**** Data provided

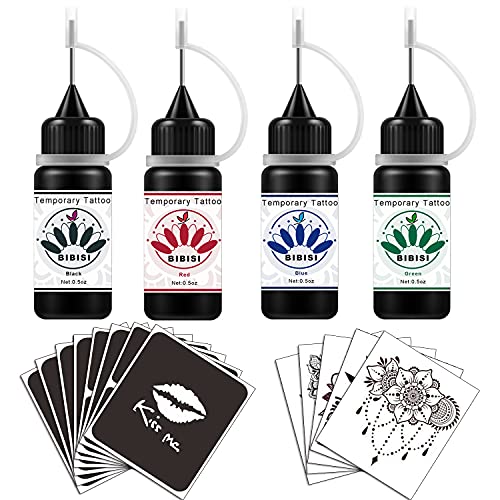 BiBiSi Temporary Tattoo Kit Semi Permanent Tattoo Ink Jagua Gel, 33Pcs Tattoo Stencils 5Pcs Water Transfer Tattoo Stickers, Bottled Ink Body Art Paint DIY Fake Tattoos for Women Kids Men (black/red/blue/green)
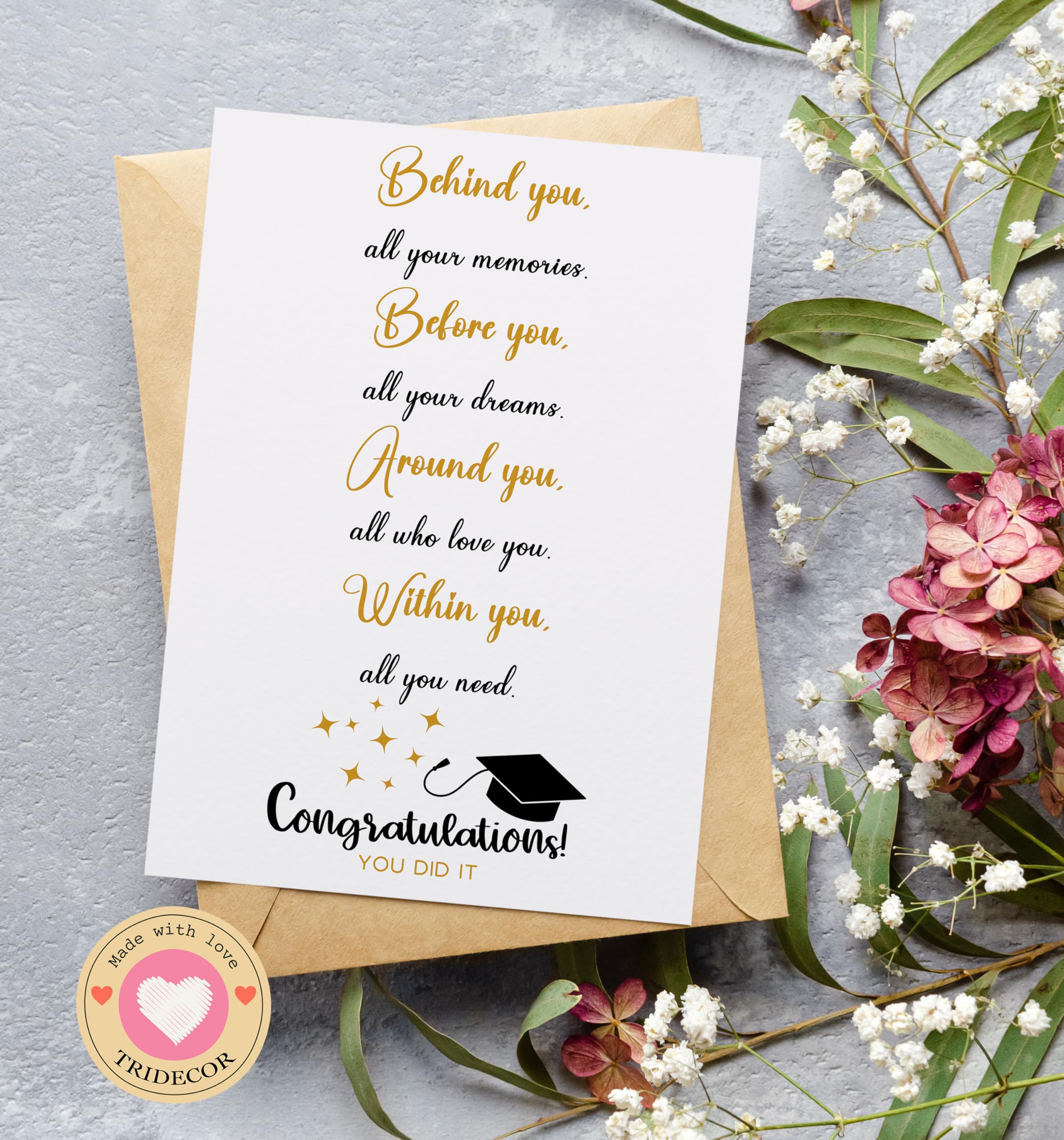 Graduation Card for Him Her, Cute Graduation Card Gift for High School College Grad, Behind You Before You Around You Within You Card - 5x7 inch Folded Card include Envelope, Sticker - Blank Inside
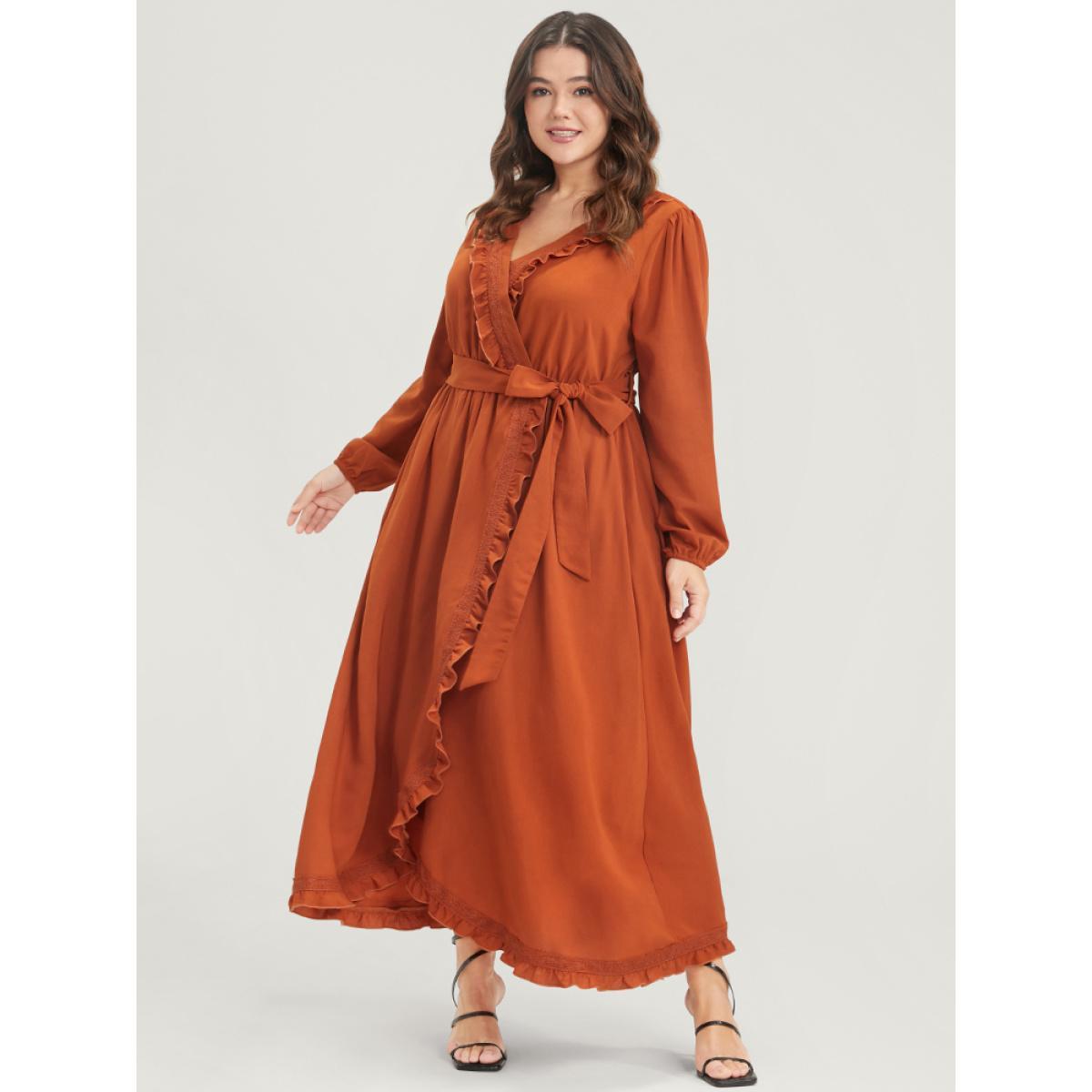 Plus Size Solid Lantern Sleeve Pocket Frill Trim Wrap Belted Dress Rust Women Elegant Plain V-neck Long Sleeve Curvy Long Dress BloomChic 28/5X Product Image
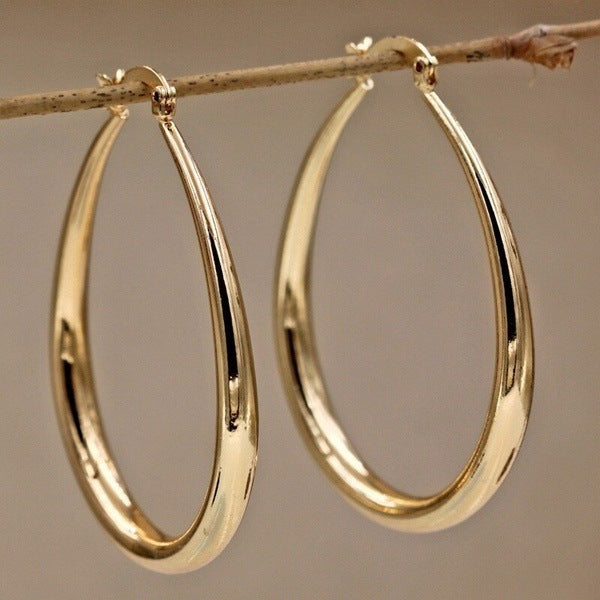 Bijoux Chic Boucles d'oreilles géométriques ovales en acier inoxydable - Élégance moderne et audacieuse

********
**** Data provided

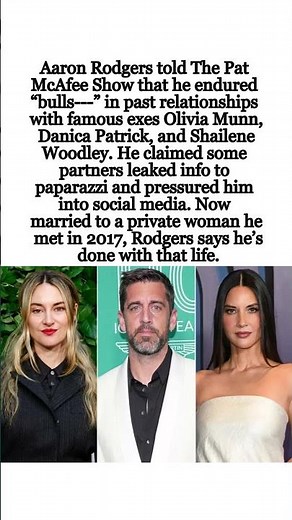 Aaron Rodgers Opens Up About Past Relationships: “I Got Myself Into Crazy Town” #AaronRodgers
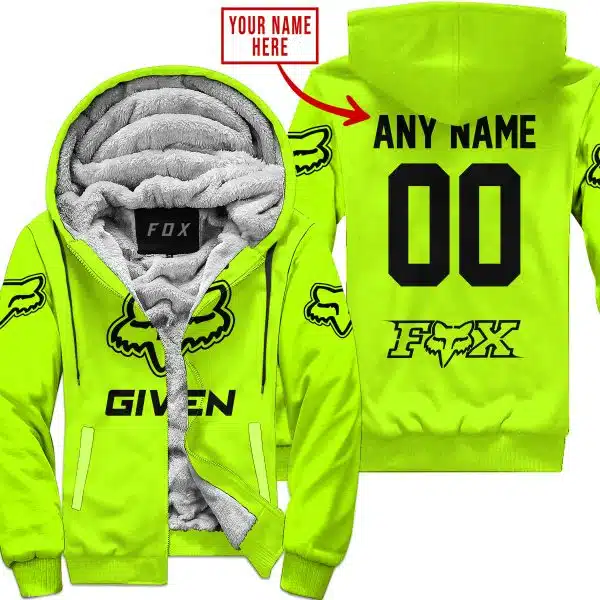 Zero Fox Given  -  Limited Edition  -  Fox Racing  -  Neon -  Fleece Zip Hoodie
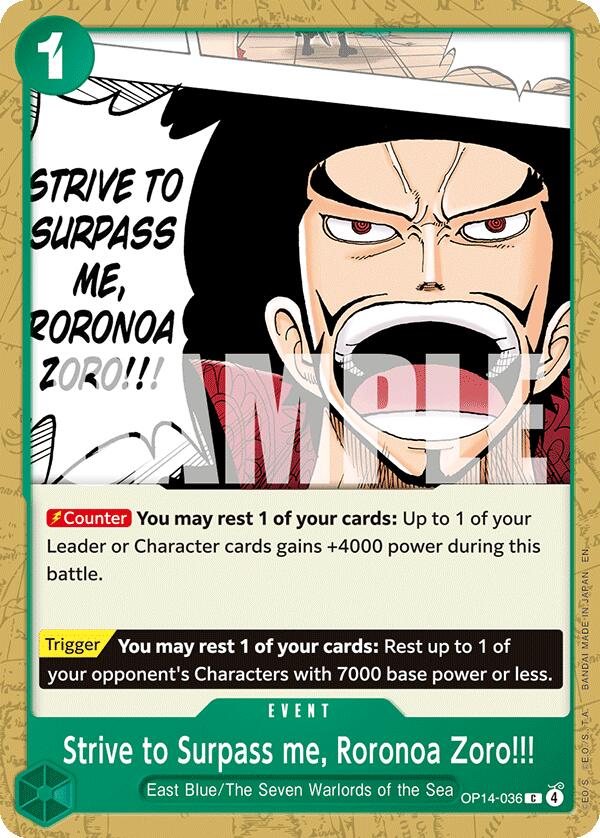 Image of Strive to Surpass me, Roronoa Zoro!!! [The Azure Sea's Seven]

********
**** Data provided

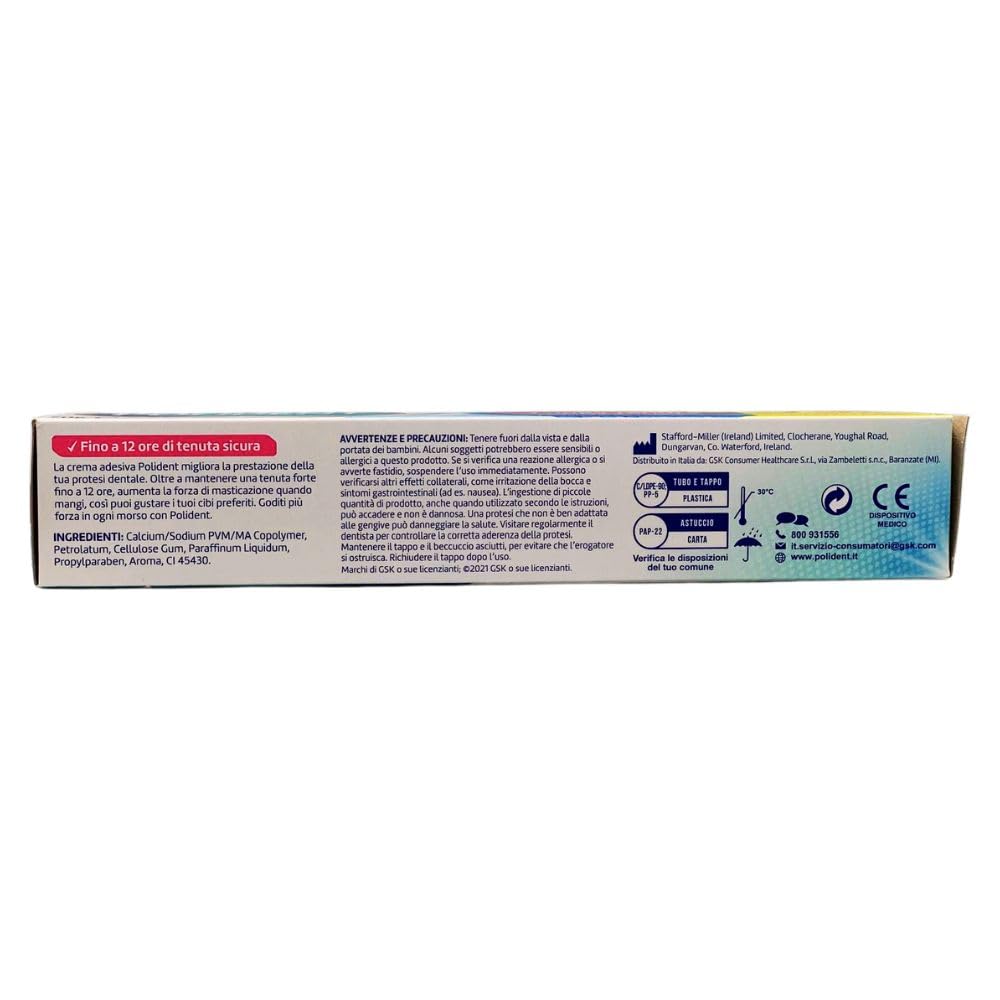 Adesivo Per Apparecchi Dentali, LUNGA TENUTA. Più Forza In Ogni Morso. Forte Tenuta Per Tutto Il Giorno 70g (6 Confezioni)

********

- Exercise aim
The line holding "Zero Fox Given" starts the copy and the line holding "Image of Strive" ends it. Repeat those two lines above and all between them exactly, leaving out pictures.

- Solution for this problem
 Zero Fox Given  -  Limited Edition  -  Fox Racing  -  Neon -  Fleece Zip Hoodie
 Image of Strive to Surpass me, Roronoa Zoro!!! [The Azure Sea's Seven]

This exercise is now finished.